Tout se passe comme si le droit avait fait cette réforme sans s’apercevoir de son caractère révolutionnaire : le symbole se retrouvait lâché en haute mer comme un bateau vidé de son équipage. À quoi bon se marier si une simple reconnaissance de paternité revenait au même ? Il est à remarquer que ses partisans les plus ardents se situent aux deux extrémités du spectre symbolique du mariage : soit ceux qui naturalisent à l’excès le culturel, faisant du mariage l’expression sociale de la fécondité bien ordonnée (Manif pour tous), soit ceux qui, à l’inverse, dénaturalisent à l’extrême le culturel, faisant du mariage une pure affaire de sentiments. Pour les autres, qui naviguent ci et là, le mariage peut se conclure à tout moment, au début du couple, ou sur le tard, ou jamais.
Le mariage ne trouve plus sa nécessité que dans le désir de faire resplendir une union devant le monde grâce à cette touche de solennité que seuls les rites communautaires peuvent apporter. Comme l’indique la navigation aléatoire de cette vaste majorité de Français sacrifiant au mariage si le cœur leur en dit, l’opinion publique majoritaire (si l’on en croit les sondages) devait fatalement faire pencher la balance en faveur du mariage pour tous, puisque, encore une fois, la filiation n’avait plus besoin du mariage. Majoritairement, la société n’a donc pas trouvé d’objection dirimante à la revendication du mariage pour tous.

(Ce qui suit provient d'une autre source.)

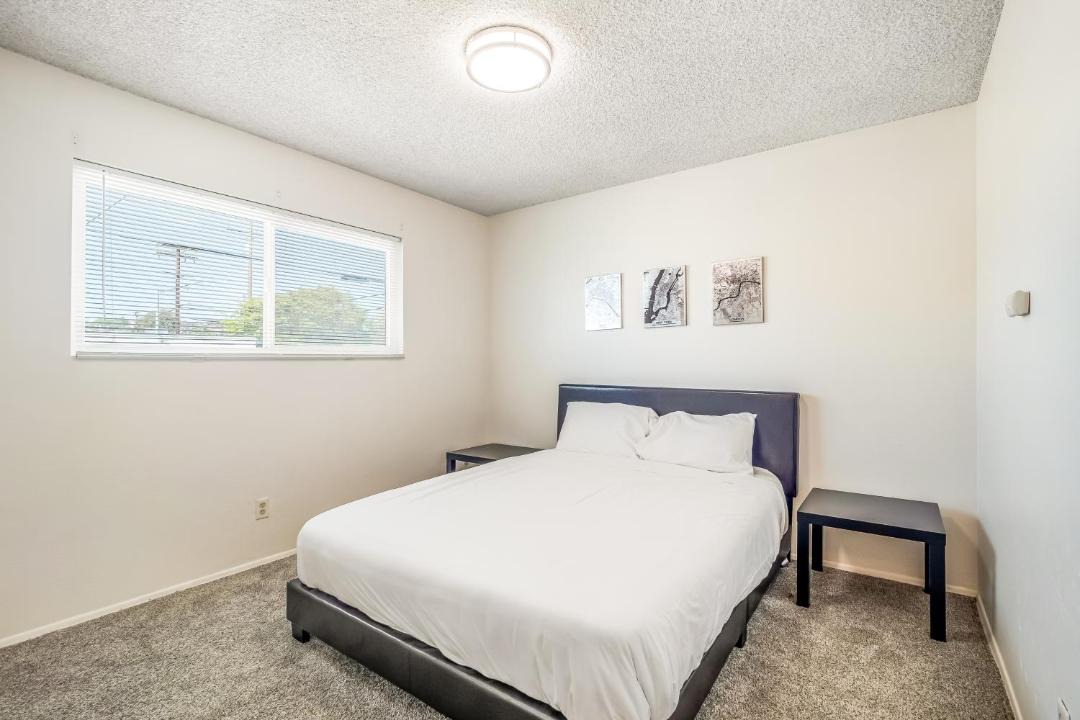 Photo of Bedroom in Pacific Beach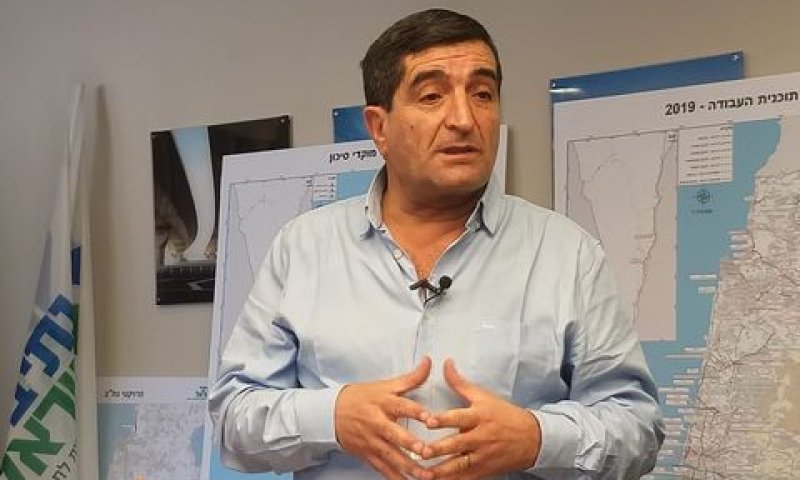 פרץ. נשאר בנתיבי ישראל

Aux désirs revendicatifs qu’il suscite chez les uns, aux passions défensives qu’il déchaîne chez les autres, nous constatons avec bonheur la vitalité du symbole. La réflexion sur le symbole du mariage témoigne de sa polyvalence, ce que la Manif pour tous visait justement à contester. Pour qui cherche un chemin de dialogue, ces quelques éléments pourront peut-être servir.